> _TASK ITEM_
Instruction for the entries below: return the part that opens with the line containing "bac de lettres, licence" and closes with the line containing "07-09 Kawasaki Versys", exactly, and no pictures.

> _RECORDED INFORMATION_
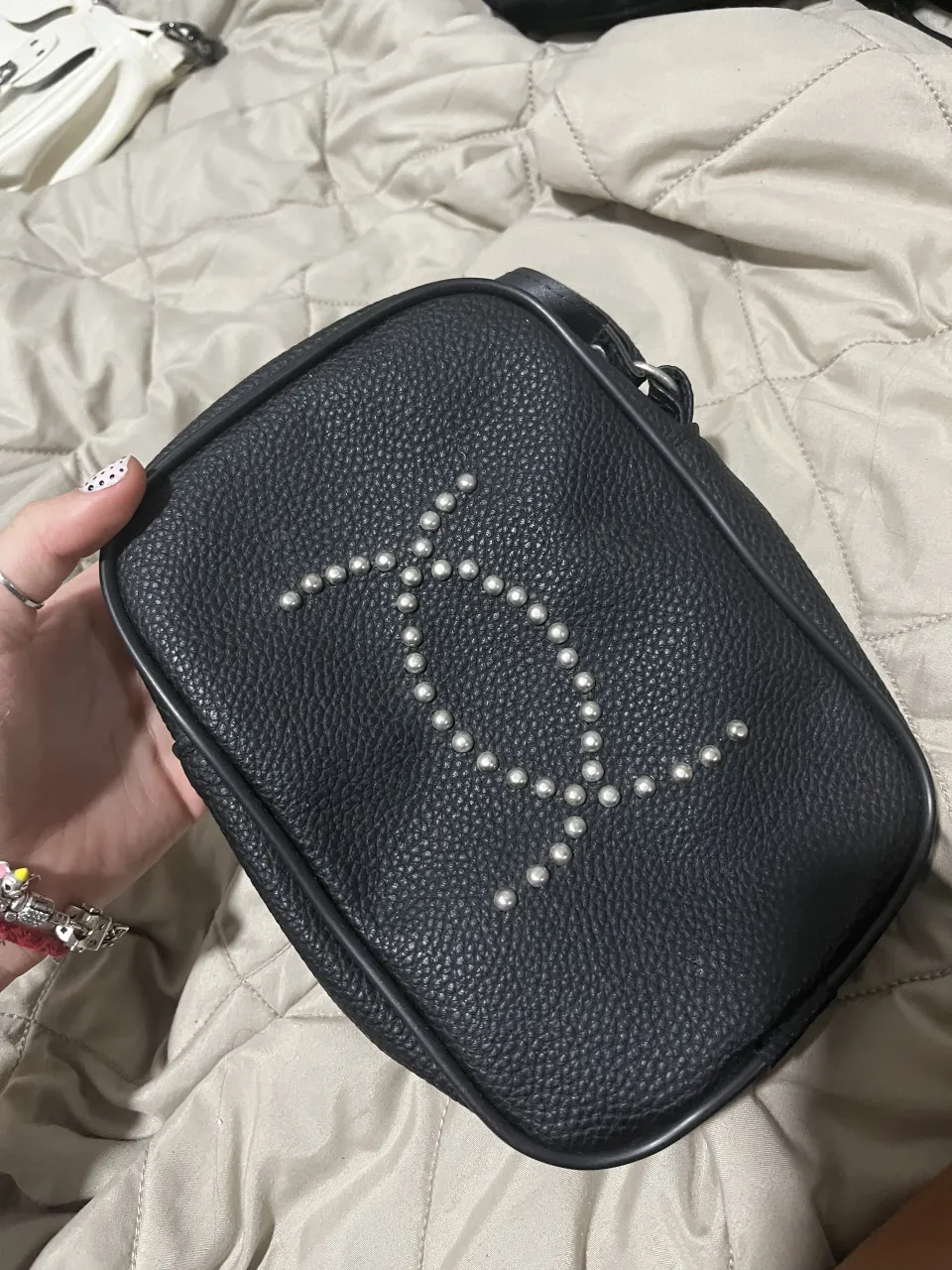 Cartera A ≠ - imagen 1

* * *

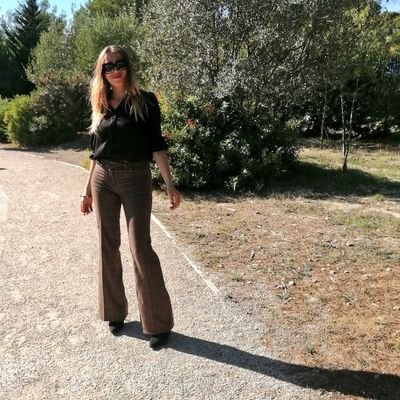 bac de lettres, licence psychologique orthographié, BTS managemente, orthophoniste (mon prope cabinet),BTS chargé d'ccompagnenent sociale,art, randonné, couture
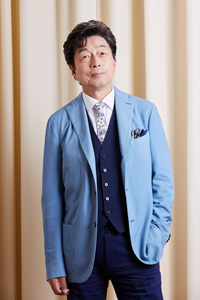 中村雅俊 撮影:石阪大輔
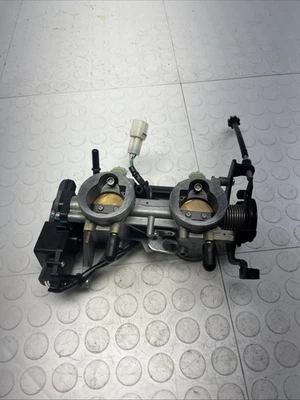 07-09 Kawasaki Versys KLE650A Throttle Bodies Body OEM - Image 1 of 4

> _RESULT BELOW_
 bac de lettres, licence psychologique orthographié, BTS managemente, orthophoniste (mon prope cabinet),BTS chargé d'ccompagnenent sociale,art, randonné, couture
 中村雅俊 撮影:石阪大輔
 07-09 Kawasaki Versys KLE650A Throttle Bodies Body OEM - Image 1 of 4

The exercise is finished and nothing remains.